Here’s a lighter twist on an old favorite. Using cauliflower instead of rice gives this meal a ton of volume without adding a lot of calories. Another option would be to use a portion of rice plus added cauliflower to increase the total volume of the meal.
Shrimp Fried Cauliflower Rice
Makes one serving
- 1/4 to 1/2 pound shrimp, thawed and peeled
- 1 large egg, beaten
- 1/2 teaspoon toasted sesame oil
- 1 teaspoon grated ginger root
- 1 clove garlic, minced
- 2 medium scallions, chopped, bulbs separated from greens
- 1/2 to 3/4 cup frozen peas and carrots
- 1 bag cauliflower rice
- 1 tablespoon reduced-sodium soy sauce
- Salt and pepper, to taste
If you don’t have pre-made cauliflower rice, pulse chunks of cauliflower in a food processor until they are finely chopped and resemble rice.
STEP 1: COOK THE SHRIMP AND EGG
In a large nonstick skillet over medium heat, cook the shrimp for about 2 minutes on each side, or until each piece has turned pink. Remove the shrimp from heat and set aside. Spray the pan with nonstick cooking spray. Add the beaten egg to the pan and cook, stirring frequently, for about 2 minutes. Remove egg from heat and set aside with shrimp.

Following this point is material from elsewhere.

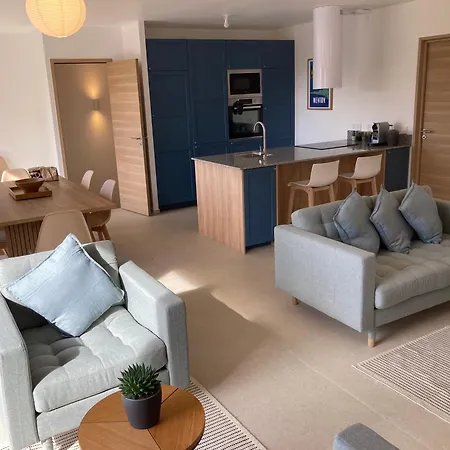 Vila In 4br 8p Ac Free Parking 2 Mns Walk To Palais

STEP 2: COOK THE VEGETABLES
Add the sesame oil to the pan. Once the oil is hot, add the ginger root, garlic, white parts of the scallions and frozen peas and carrots. Cook, stirring frequently, for 3 to 5 minutes, or until tender. Add the cauliflower, soy sauce, salt and pepper to the pan and stir to combine. Let the cauliflower cook for about 5 minutes, or until softened to your liking but not mushy.
STEP 3: ASSEMBLE THE MEAL
Add the eggs and shrimp to the pan with the vegetables and stir to combine. Transfer the meal into a large bowl and enjoy.